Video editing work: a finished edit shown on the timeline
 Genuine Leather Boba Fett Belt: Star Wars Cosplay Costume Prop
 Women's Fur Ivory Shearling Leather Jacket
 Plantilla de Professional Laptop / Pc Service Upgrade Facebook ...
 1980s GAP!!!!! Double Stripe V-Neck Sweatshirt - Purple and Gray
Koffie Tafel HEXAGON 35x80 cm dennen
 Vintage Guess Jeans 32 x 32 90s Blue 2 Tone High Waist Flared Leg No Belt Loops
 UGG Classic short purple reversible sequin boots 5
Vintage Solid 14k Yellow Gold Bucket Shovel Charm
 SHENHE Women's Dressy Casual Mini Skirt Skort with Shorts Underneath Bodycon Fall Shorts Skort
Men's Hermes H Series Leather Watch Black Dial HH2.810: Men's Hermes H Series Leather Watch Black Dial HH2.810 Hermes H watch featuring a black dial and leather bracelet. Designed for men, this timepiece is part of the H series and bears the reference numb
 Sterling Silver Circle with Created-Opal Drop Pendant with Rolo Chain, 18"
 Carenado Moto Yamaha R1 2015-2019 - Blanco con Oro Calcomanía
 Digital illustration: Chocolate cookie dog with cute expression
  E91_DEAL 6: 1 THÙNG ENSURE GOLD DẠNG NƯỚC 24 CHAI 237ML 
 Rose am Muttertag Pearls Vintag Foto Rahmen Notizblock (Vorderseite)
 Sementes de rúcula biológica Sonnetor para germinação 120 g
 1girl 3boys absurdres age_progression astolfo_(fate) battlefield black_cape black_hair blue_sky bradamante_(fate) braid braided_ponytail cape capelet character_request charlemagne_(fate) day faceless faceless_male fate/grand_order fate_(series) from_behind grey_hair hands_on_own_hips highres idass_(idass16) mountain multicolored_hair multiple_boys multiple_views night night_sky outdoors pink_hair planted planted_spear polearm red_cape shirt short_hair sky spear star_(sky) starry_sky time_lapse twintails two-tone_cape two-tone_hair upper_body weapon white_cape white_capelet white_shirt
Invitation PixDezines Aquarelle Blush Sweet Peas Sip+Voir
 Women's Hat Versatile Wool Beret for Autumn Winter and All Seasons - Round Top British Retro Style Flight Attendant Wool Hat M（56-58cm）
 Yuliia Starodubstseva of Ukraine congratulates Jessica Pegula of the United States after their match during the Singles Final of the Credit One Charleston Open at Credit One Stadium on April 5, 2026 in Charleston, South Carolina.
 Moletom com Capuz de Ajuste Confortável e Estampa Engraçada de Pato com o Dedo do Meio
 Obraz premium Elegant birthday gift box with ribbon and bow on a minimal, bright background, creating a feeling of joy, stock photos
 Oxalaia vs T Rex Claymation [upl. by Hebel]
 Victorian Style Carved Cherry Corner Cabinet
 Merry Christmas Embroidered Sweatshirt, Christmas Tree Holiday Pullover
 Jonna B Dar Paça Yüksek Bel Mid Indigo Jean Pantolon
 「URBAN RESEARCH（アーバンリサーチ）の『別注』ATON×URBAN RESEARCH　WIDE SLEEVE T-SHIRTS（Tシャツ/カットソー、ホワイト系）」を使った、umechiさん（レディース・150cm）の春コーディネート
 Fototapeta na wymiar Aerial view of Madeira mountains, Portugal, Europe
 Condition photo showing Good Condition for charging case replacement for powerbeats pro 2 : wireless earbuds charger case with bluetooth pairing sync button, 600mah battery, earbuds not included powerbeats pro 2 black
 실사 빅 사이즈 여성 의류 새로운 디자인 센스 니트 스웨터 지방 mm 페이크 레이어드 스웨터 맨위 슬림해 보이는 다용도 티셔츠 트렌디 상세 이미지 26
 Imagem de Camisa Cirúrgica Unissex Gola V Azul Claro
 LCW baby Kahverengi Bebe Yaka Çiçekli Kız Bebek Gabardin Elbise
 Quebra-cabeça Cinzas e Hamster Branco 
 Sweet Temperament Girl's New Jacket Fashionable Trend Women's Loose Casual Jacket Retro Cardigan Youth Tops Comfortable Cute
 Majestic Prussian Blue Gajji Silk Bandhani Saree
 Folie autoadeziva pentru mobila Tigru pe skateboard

• [EXERCISE PROMPT]:
Set down the entries above again, word for word.

• [COMPLETED TASK]:
Video editing work: a finished edit shown on the timeline
 Genuine Leather Boba Fett Belt: Star Wars Cosplay Costume Prop
 Women's Fur Ivory Shearling Leather Jacket
 Plantilla de Professional Laptop / Pc Service Upgrade Facebook ...
 1980s GAP!!!!! Double Stripe V-Neck Sweatshirt - Purple and Gray
Koffie Tafel HEXAGON 35x80 cm dennen
 Vintage Guess Jeans 32 x 32 90s Blue 2 Tone High Waist Flared Leg No Belt Loops
 UGG Classic short purple reversible sequin boots 5
Vintage Solid 14k Yellow Gold Bucket Shovel Charm
 SHENHE Women's Dressy Casual Mini Skirt Skort with Shorts Underneath Bodycon Fall Shorts Skort
Men's Hermes H Series Leather Watch Black Dial HH2.810: Men's Hermes H Series Leather Watch Black Dial HH2.810 Hermes H watch featuring a black dial and leather bracelet. Designed for men, this timepiece is part of the H series and bears the reference numb
 Sterling Silver Circle with Created-Opal Drop Pendant with Rolo Chain, 18"
 Carenado Moto Yamaha R1 2015-2019 - Blanco con Oro Calcomanía
 Digital illustration: Chocolate cookie dog with cute expression
  E91_DEAL 6: 1 THÙNG ENSURE GOLD DẠNG NƯỚC 24 CHAI 237ML 
 Rose am Muttertag Pearls Vintag Foto Rahmen Notizblock (Vorderseite)
 Sementes de rúcula biológica Sonnetor para germinação 120 g
 1girl 3boys absurdres age_progression astolfo_(fate) battlefield black_cape black_hair blue_sky bradamante_(fate) braid braided_ponytail cape capelet character_request charlemagne_(fate) day faceless faceless_male fate/grand_order fate_(series) from_behind grey_hair hands_on_own_hips highres idass_(idass16) mountain multicolored_hair multiple_boys multiple_views night night_sky outdoors pink_hair planted planted_spear polearm red_cape shirt short_hair sky spear star_(sky) starry_sky time_lapse twintails two-tone_cape two-tone_hair upper_body weapon white_cape white_capelet white_shirt
Invitation PixDezines Aquarelle Blush Sweet Peas Sip+Voir
 Women's Hat Versatile Wool Beret for Autumn Winter and All Seasons - Round Top British Retro Style Flight Attendant Wool Hat M（56-58cm）
 Yuliia Starodubstseva of Ukraine congratulates Jessica Pegula of the United States after their match during the Singles Final of the Credit One Charleston Open at Credit One Stadium on April 5, 2026 in Charleston, South Carolina.
 Moletom com Capuz de Ajuste Confortável e Estampa Engraçada de Pato com o Dedo do Meio
 Obraz premium Elegant birthday gift box with ribbon and bow on a minimal, bright background, creating a feeling of joy, stock photos
 Oxalaia vs T Rex Claymation [upl. by Hebel]
 Victorian Style Carved Cherry Corner Cabinet
 Merry Christmas Embroidered Sweatshirt, Christmas Tree Holiday Pullover
 Jonna B Dar Paça Yüksek Bel Mid Indigo Jean Pantolon
 「URBAN RESEARCH（アーバンリサーチ）の『別注』ATON×URBAN RESEARCH　WIDE SLEEVE T-SHIRTS（Tシャツ/カットソー、ホワイト系）」を使った、umechiさん（レディース・150cm）の春コーディネート
 Fototapeta na wymiar Aerial view of Madeira mountains, Portugal, Europe
 Condition photo showing Good Condition for charging case replacement for powerbeats pro 2 : wireless earbuds charger case with bluetooth pairing sync button, 600mah battery, earbuds not included powerbeats pro 2 black
 실사 빅 사이즈 여성 의류 새로운 디자인 센스 니트 스웨터 지방 mm 페이크 레이어드 스웨터 맨위 슬림해 보이는 다용도 티셔츠 트렌디 상세 이미지 26
 Imagem de Camisa Cirúrgica Unissex Gola V Azul Claro
 LCW baby Kahverengi Bebe Yaka Çiçekli Kız Bebek Gabardin Elbise
 Quebra-cabeça Cinzas e Hamster Branco 
 Sweet Temperament Girl's New Jacket Fashionable Trend Women's Loose Casual Jacket Retro Cardigan Youth Tops Comfortable Cute
 Majestic Prussian Blue Gajji Silk Bandhani Saree
 Folie autoadeziva pentru mobila Tigru pe skateboard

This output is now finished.